> **WHAT THIS TASK INVOLVES**
Type out the complete listing below word for word, without its pictures.

> **RECORDS PROVIDED**
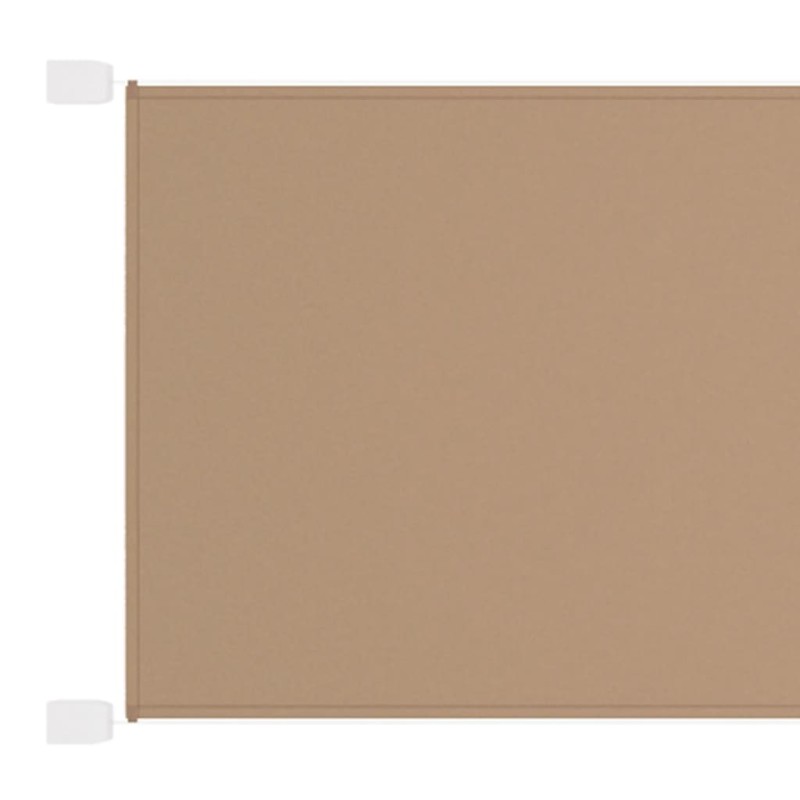 vidaXL Paravento Verticale Tortora 200x270 cm in Tessuto Oxford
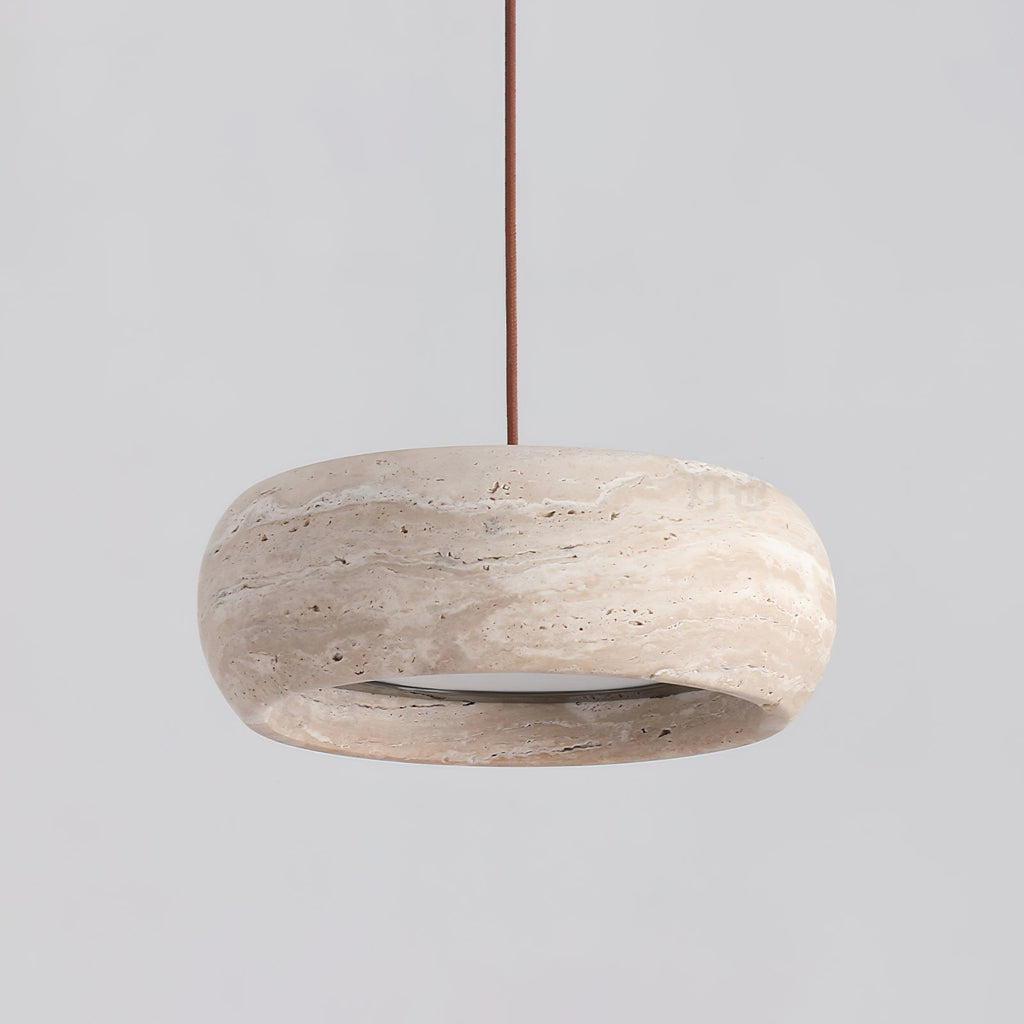 Tova Donut-Shaped Pendant Lights Travertine | ventumra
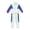 White, variant on Boys Girls Sweatsuit 2 Piece Outfit Tracksuit Kids Zip up Sweatshirt Jacket and Sweatpants Set Kids Teen Fall Trendy Clothes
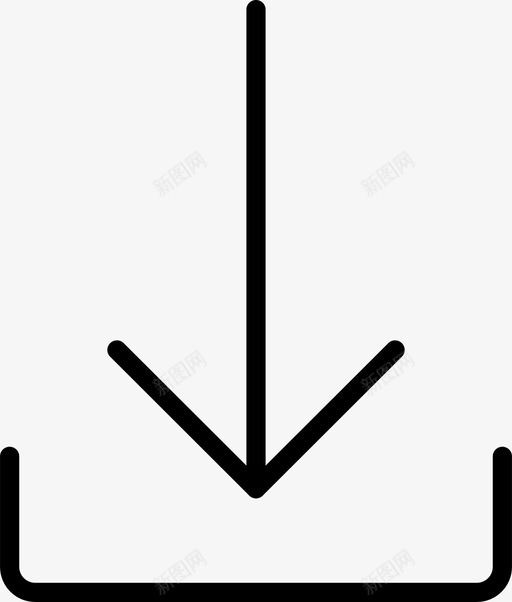 保存箭头向下图标svg_新图网 https://ixintu.com 下载 保存 向上图标 向下 用户界面 箭头 页面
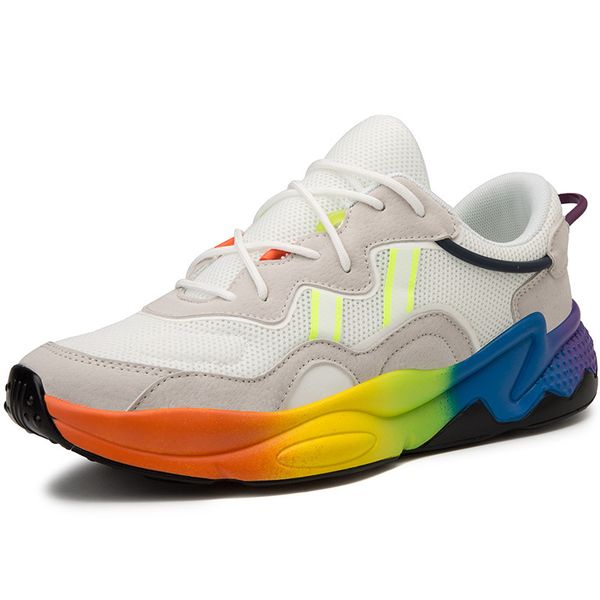 

2019 new spring and autumn men's shoes casual breathable belt wear-resistant incresaseheight wild tide shoes, Black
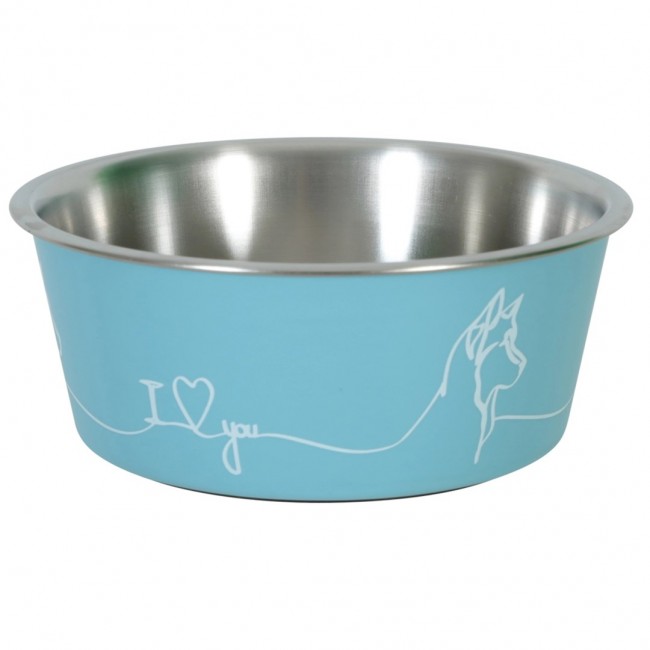 ZOLUX Love blue - bowl for dog 400ml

> **ANSWER TO THIS PROBLEM**
 vidaXL Paravento Verticale Tortora 200x270 cm in Tessuto Oxford
 Tova Donut-Shaped Pendant Lights Travertine | ventumra
 White, variant on Boys Girls Sweatsuit 2 Piece Outfit Tracksuit Kids Zip up Sweatshirt Jacket and Sweatpants Set Kids Teen Fall Trendy Clothes
 保存箭头向下图标svg_新图网 https://ixintu.com 下载 保存 向上图标 向下 用户界面 箭头 页面

2019 new spring and autumn men's shoes casual breathable belt wear-resistant incresaseheight wild tide shoes, Black
 ZOLUX Love blue - bowl for dog 400ml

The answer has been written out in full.